▶ [Task item]
Take the lines from the head of the listing through the one bearing "Now, obviously, I'm" and copy them exactly, leaving every picture out.

══ Dataset excerpt ══

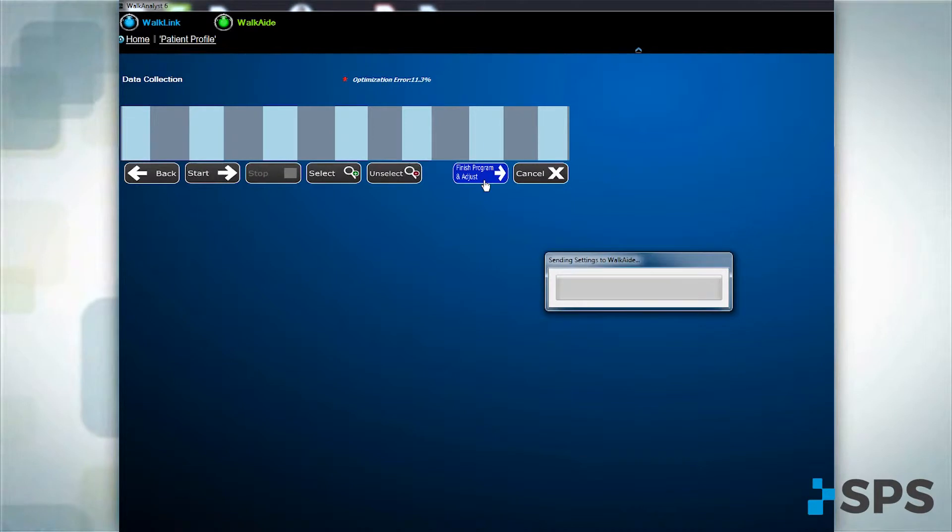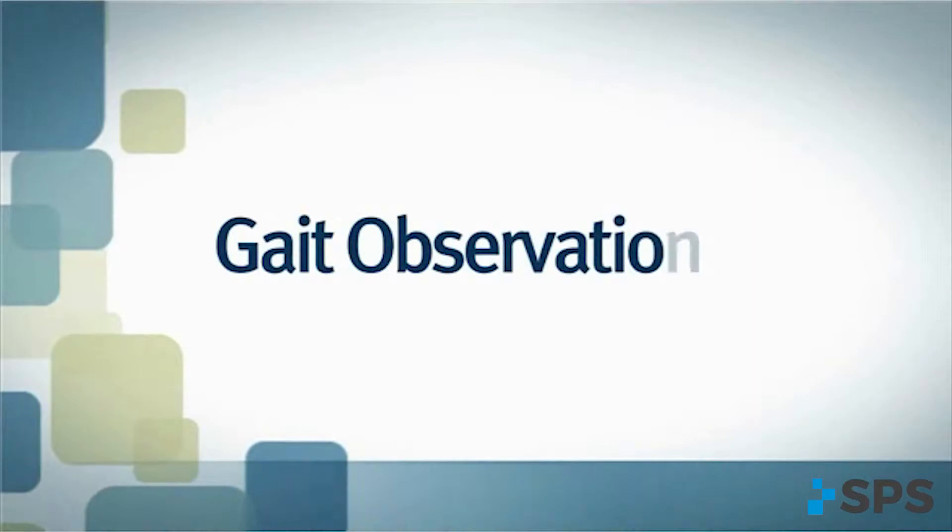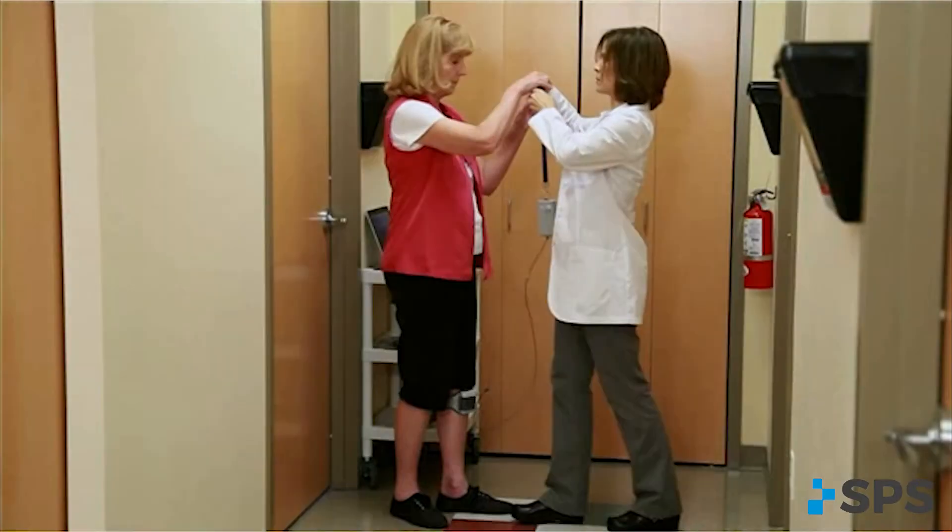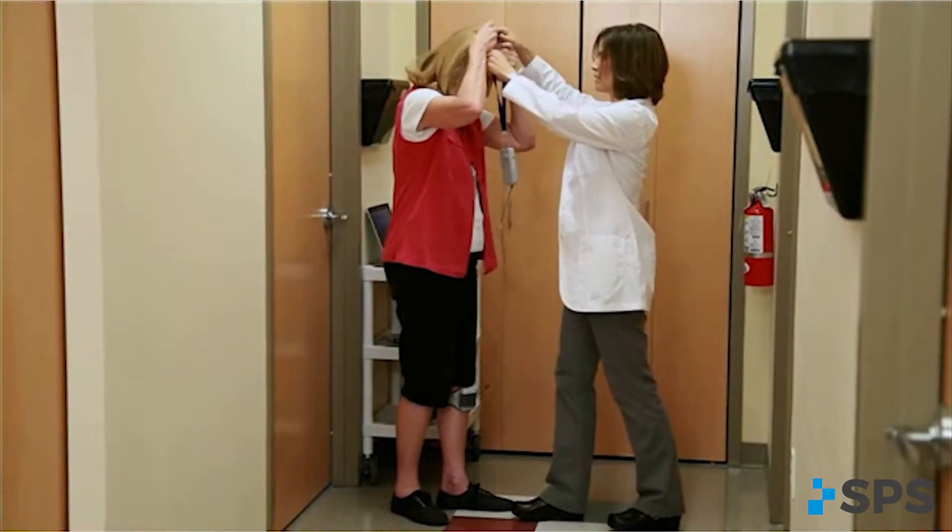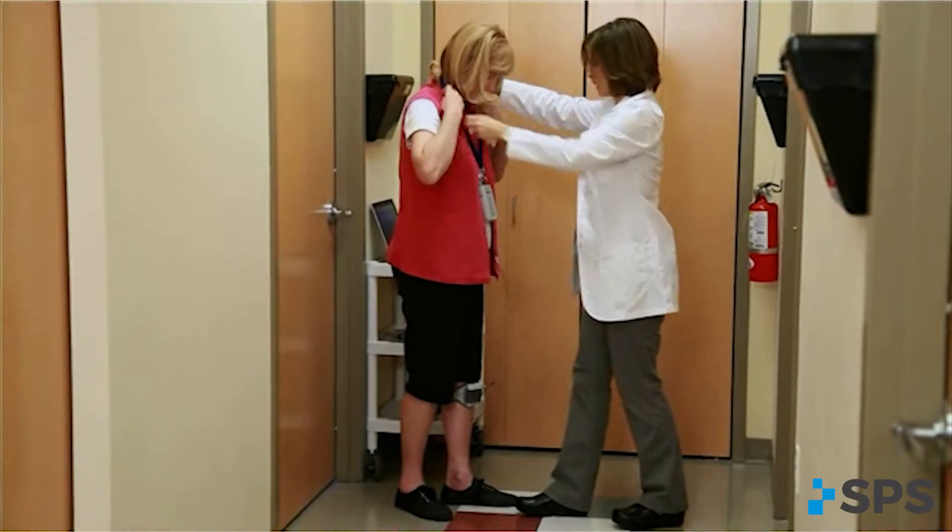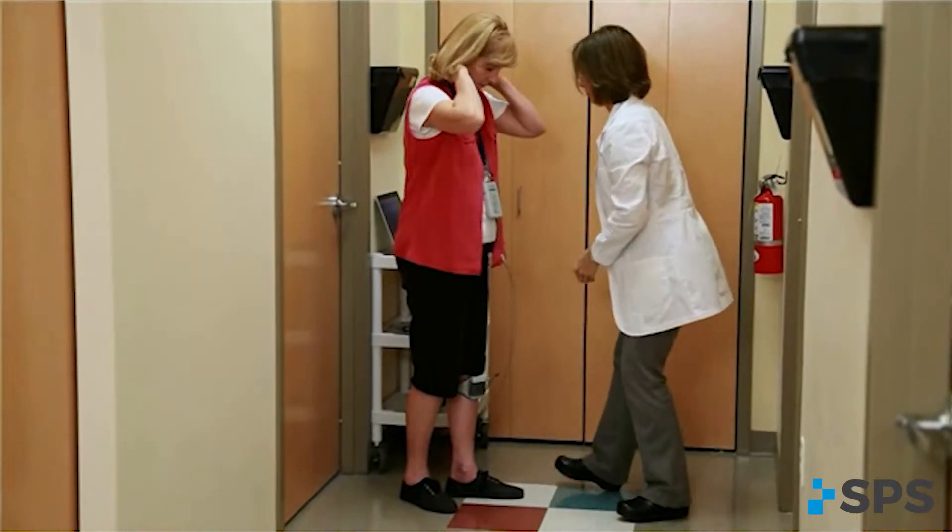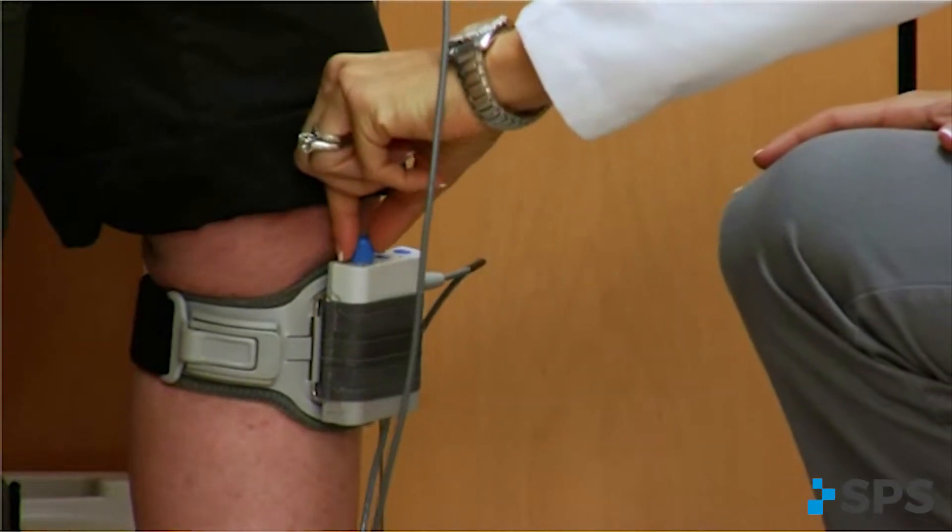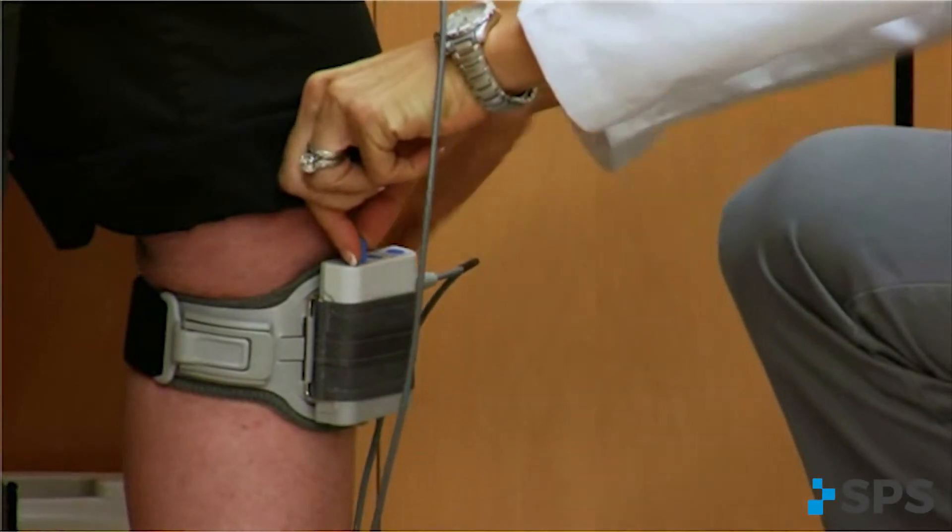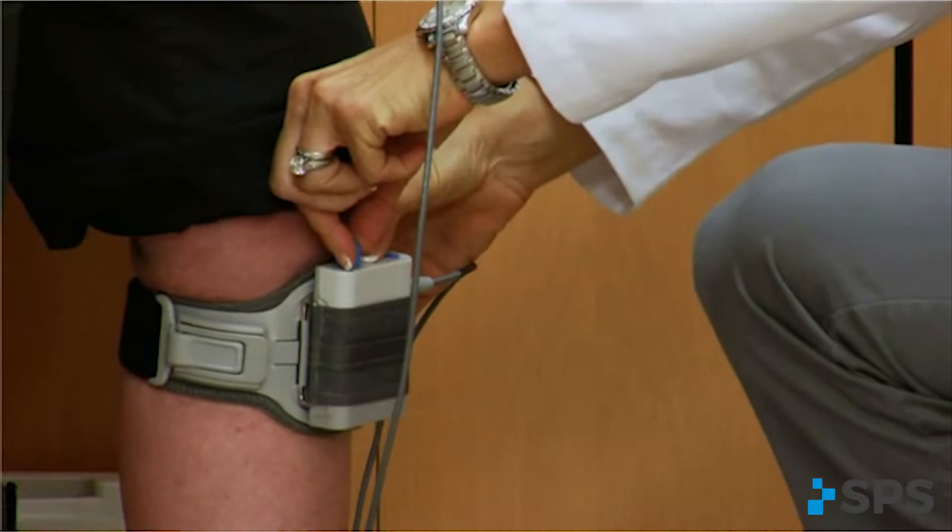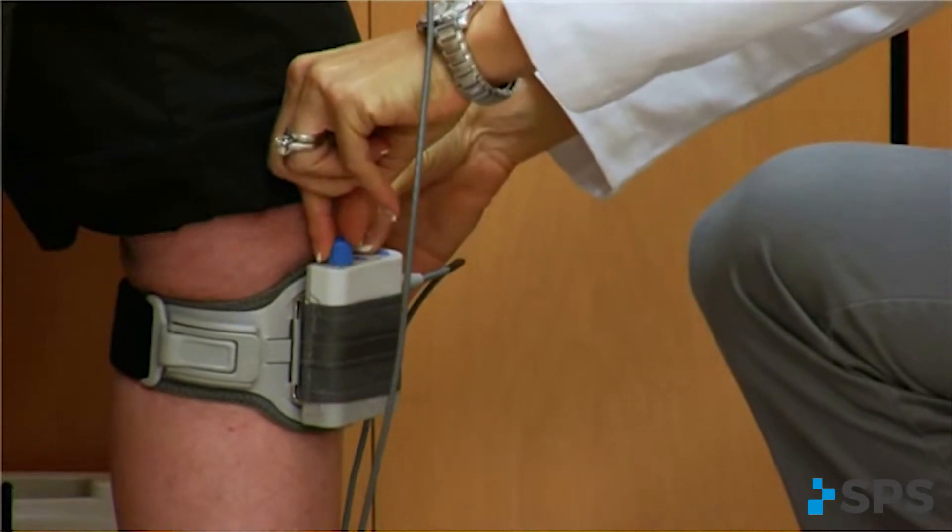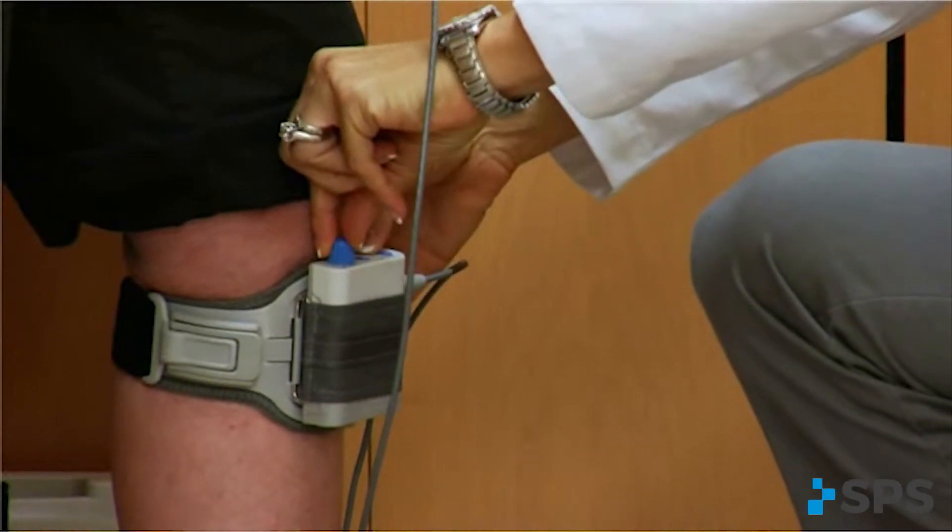You will hear a beep which indicates that the program has been sent successfully. Next, place the WalkLink around the patient's neck. On the WalkAid, set the audible beep so that while you watch the patient walk, you will be able to hear the stimulation occurring.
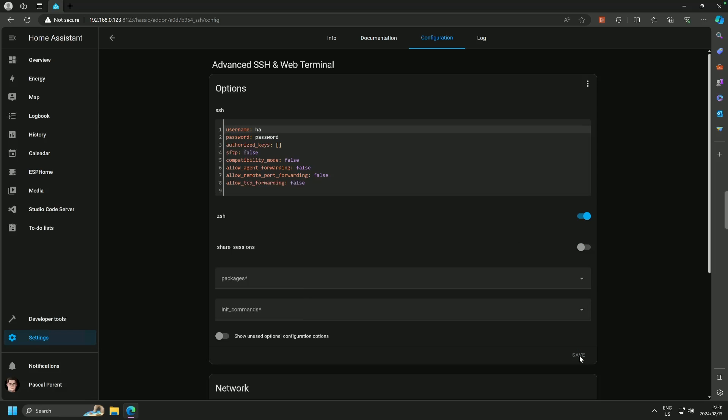Now, obviously, I'm not going to leave the password as password, but I'm not going to tell you what my password is. So what we are going to do now is pause, and I will be right back after I've updated my password.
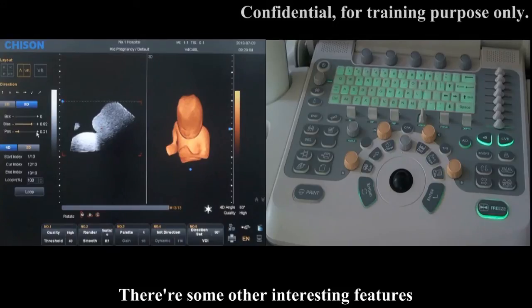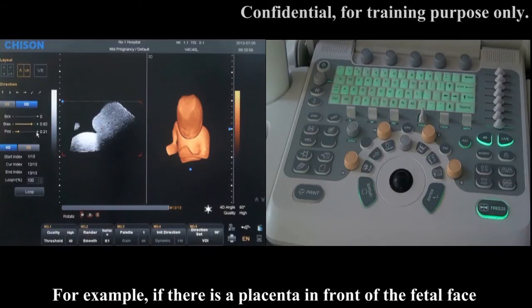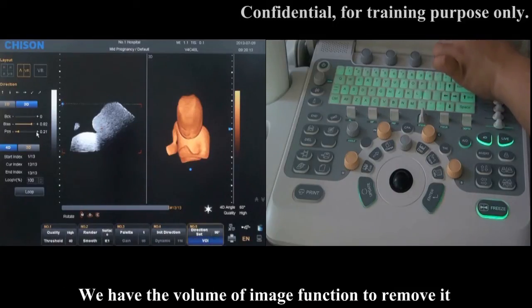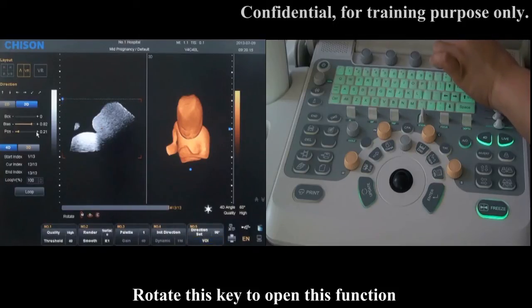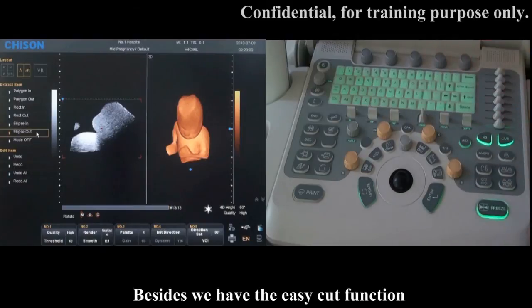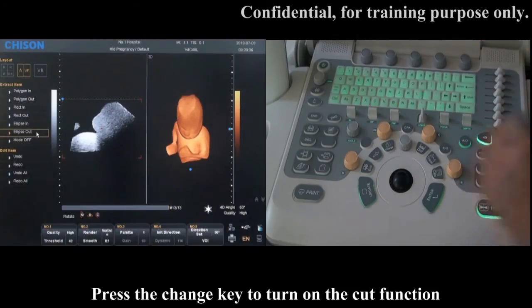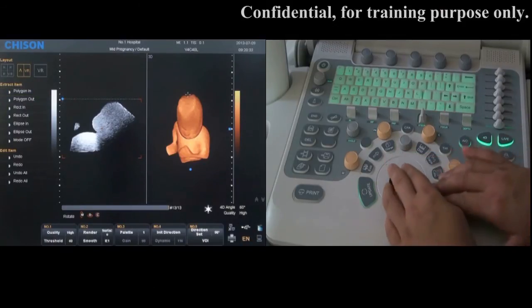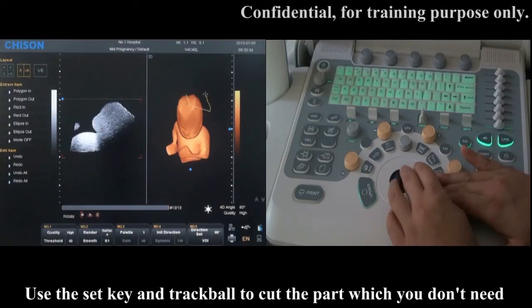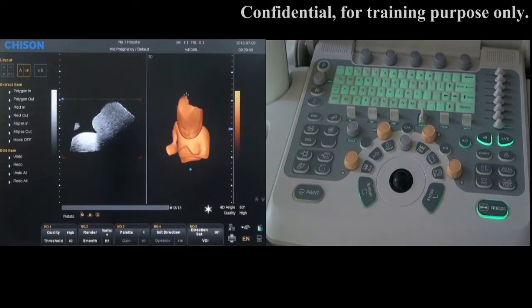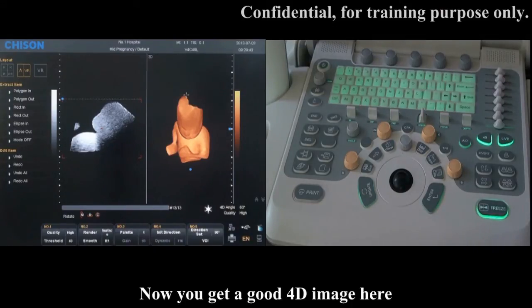There are some other interesting features. For example, if there is a placenta in front of the fetal face, we have the volume cut image function to remove it. Rotate this key to open this function. Besides, we have the easy cut function. Press the Change key to turn on the cut function, and choose the cut method as you want. Use the Set key and trackball to cut the part which you don't need. Now you get a good 4D image here.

═══

▶ [Exercise answer]
You will hear a beep which indicates that the program has been sent successfully. Next, place the WalkLink around the patient's neck. On the WalkAid, set the audible beep so that while you watch the patient walk, you will be able to hear the stimulation occurring.
Now, obviously, I'm not going to leave the password as password, but I'm not going to tell you what my password is. So what we are going to do now is pause, and I will be right back after I've updated my password.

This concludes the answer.